■ WHAT YOU HAVE TO DO: Restate the data word for word and leave the images out.

■ COLLECTED DATA:
* * *
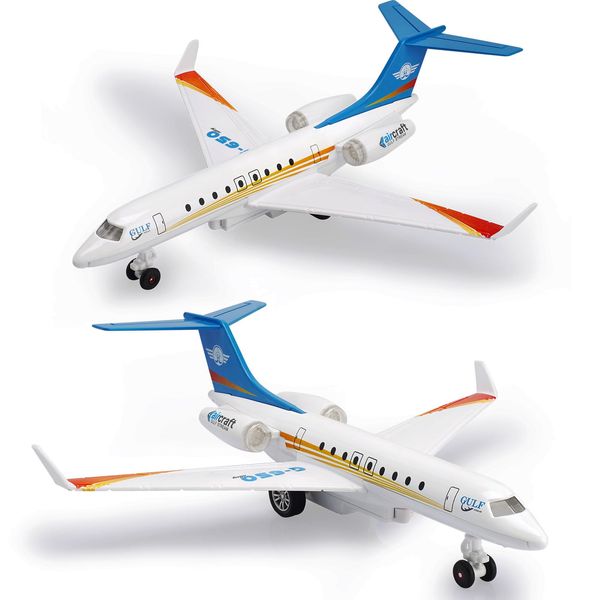 Crelloci Plane Toy Single Airlines Die-Cast G650 Model Airplane Alloy Metal Aircraft Toys Pull Back Business Jet Planes with Lights and Sounds for Kids Boys Girls with Display Rack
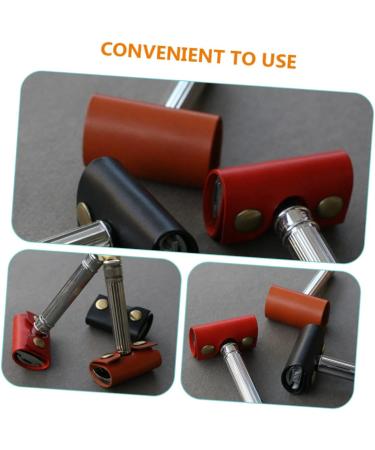 Durable Travel Razor Cover - Hakidzel 2-Piece Men's Razor Accessories | Anti-Scratch Fabric Shell | Brown 8.5x4.5cm - Buy Online on GoSupps.com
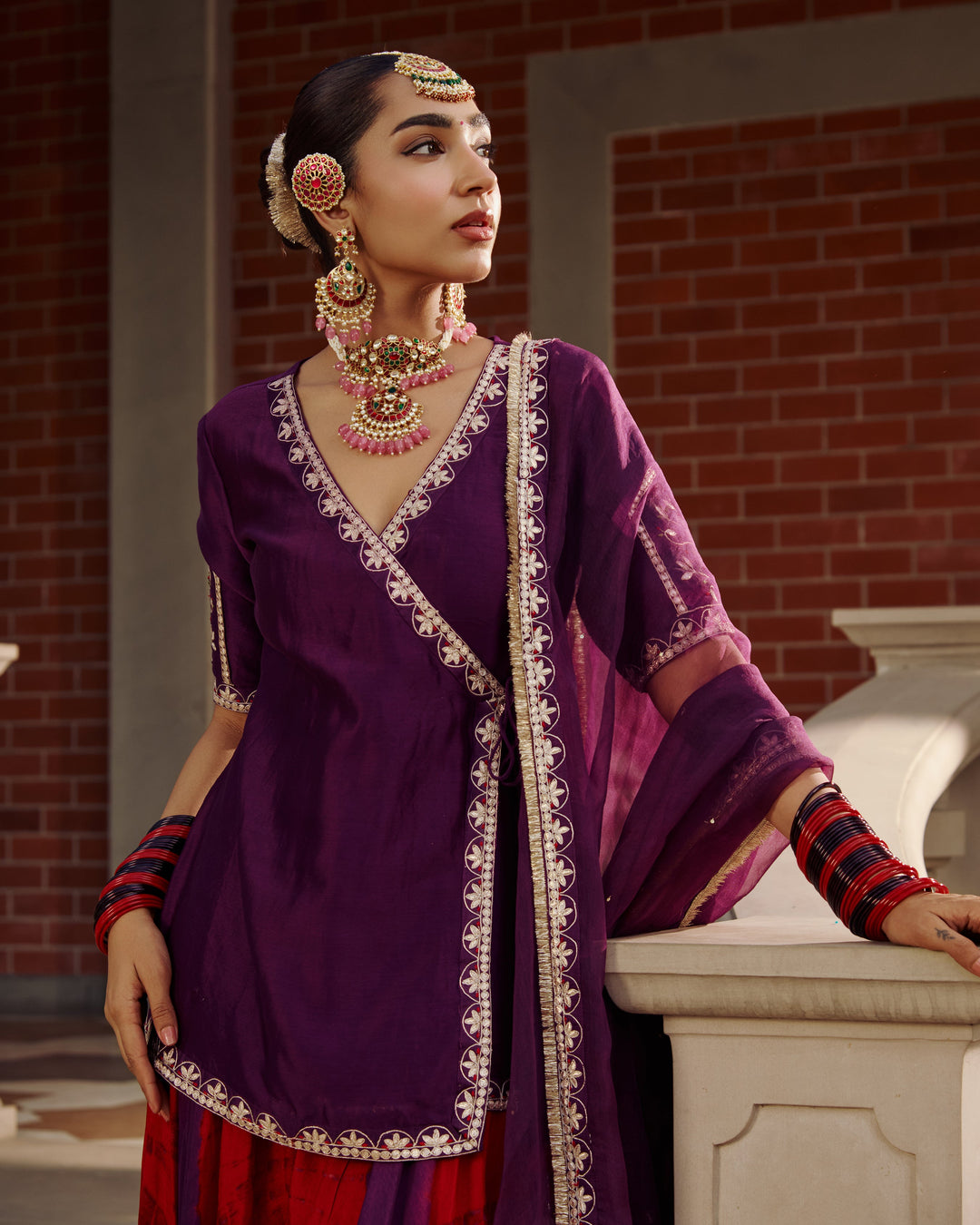 Kalika Purple Embroidered Tie-Dye Chanderi Suit Set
* * *
■ WRITTEN ANSWER:
 Crelloci Plane Toy Single Airlines Die-Cast G650 Model Airplane Alloy Metal Aircraft Toys Pull Back Business Jet Planes with Lights and Sounds for Kids Boys Girls with Display Rack
 Durable Travel Razor Cover - Hakidzel 2-Piece Men's Razor Accessories | Anti-Scratch Fabric Shell | Brown 8.5x4.5cm - Buy Online on GoSupps.com
 Kalika Purple Embroidered Tie-Dye Chanderi Suit Set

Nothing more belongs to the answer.